Extreme testing is another discipline where the test suite greatly benefits from the active imagination of the test engineer. This is where we tap into the creativity that can never be automated. Our list is only a subset of the possibilities. We have applied these types of tests for both hardware and software testing, especially in the embedded environment. In one clear case, we applied extreme cold to some instrumentation and discovered the LCD display did not meet the customer’s requirements. Since this event occurred fairly early in the product development life cycle, we were able to recover by adding a display heater. Yes, we think it unlikely a usable truck cab will be used at -40o C., but we had a requirement to meet and the test clearly indicated a product weakness. In another instance, we used a hand drill that produced sparks when turned on and off, right on top of the product to see if the product was immune to EMC transients.

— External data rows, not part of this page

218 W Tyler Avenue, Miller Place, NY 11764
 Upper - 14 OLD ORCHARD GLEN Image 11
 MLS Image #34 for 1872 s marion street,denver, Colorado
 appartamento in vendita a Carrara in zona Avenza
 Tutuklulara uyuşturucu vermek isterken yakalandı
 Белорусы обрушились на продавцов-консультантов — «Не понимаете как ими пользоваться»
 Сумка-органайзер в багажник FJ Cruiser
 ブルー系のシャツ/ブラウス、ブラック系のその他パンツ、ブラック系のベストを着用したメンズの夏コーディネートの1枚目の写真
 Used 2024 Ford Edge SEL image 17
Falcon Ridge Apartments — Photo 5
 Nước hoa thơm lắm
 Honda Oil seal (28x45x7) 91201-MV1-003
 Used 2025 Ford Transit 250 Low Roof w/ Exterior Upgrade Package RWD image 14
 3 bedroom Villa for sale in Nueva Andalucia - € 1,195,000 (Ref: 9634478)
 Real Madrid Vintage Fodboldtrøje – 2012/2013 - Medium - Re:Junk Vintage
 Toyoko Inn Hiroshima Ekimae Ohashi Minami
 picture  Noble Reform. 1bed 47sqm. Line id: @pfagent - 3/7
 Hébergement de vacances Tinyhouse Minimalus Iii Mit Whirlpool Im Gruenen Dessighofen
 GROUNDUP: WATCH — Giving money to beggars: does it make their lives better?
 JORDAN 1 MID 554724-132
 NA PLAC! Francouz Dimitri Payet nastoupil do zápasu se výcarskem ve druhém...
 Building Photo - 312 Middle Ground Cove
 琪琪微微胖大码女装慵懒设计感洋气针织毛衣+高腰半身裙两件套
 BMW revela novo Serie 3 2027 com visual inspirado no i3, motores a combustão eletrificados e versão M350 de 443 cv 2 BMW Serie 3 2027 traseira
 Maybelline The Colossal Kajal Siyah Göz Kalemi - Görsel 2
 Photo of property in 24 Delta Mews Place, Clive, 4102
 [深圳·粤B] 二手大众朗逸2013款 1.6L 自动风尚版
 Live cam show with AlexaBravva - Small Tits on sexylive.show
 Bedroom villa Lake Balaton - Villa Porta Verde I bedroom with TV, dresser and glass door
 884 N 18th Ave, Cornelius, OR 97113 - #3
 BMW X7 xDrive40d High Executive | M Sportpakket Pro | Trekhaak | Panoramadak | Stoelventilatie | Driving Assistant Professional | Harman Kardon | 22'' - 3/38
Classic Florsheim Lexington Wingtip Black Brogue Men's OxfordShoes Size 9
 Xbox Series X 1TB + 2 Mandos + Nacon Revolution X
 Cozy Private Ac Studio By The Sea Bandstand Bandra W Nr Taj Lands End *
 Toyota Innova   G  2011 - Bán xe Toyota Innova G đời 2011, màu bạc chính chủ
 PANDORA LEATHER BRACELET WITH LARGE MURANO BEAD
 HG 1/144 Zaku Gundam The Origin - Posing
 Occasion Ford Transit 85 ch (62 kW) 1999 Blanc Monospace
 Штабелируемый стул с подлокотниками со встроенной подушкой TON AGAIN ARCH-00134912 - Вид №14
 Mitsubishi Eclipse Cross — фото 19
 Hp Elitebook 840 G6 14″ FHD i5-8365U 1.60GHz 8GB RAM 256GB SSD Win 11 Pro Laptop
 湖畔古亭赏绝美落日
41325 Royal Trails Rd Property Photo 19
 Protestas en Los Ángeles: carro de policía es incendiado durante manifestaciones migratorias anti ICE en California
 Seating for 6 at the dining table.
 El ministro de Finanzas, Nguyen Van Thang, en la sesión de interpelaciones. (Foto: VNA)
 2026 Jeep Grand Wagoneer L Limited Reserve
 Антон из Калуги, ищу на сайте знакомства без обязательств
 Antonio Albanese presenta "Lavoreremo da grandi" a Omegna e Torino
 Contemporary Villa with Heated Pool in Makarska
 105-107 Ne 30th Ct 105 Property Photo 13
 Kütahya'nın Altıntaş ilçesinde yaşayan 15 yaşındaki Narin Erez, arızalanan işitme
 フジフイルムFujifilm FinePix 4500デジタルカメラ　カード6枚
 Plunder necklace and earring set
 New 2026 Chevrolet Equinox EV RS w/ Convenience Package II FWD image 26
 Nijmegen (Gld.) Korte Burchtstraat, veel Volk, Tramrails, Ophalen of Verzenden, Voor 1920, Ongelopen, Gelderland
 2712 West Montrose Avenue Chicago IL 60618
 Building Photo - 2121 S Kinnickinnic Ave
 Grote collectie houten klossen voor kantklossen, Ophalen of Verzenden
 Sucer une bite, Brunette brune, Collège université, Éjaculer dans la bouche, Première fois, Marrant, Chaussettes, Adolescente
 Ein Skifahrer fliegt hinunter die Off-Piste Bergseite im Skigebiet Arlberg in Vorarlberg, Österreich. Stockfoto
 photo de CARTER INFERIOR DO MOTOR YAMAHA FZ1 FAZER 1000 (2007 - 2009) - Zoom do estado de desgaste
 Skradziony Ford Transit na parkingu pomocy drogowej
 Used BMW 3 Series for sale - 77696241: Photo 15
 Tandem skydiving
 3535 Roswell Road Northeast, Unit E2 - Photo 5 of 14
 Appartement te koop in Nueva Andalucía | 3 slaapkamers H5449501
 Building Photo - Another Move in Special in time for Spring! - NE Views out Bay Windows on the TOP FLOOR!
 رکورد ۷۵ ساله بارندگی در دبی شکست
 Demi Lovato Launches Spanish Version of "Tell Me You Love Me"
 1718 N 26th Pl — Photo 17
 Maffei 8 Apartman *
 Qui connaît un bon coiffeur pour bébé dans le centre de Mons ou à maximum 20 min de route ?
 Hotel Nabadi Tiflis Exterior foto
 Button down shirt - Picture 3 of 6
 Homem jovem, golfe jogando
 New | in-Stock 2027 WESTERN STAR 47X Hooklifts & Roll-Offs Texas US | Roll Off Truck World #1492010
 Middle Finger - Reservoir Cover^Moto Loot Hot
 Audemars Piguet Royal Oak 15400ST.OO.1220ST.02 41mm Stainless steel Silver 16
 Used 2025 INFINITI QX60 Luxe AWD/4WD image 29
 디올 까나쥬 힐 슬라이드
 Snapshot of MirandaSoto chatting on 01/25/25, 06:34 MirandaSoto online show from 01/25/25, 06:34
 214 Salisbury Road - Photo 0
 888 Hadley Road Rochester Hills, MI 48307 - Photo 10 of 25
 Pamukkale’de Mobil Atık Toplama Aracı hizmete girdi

We have had software managers complain that our tests have been so extreme that the defect would never be seen in the field. That is not the point. The point is that somewhere in that software we have a weakness, and the sooner we eliminate the weakness, the better our code. It doesn’t really matter with software how realistic our test scenario is—it matters that we have found another failure mode, which is analogous to the approach we take with the highly-accelerated life testing (HALT) we use with pure hardware testing.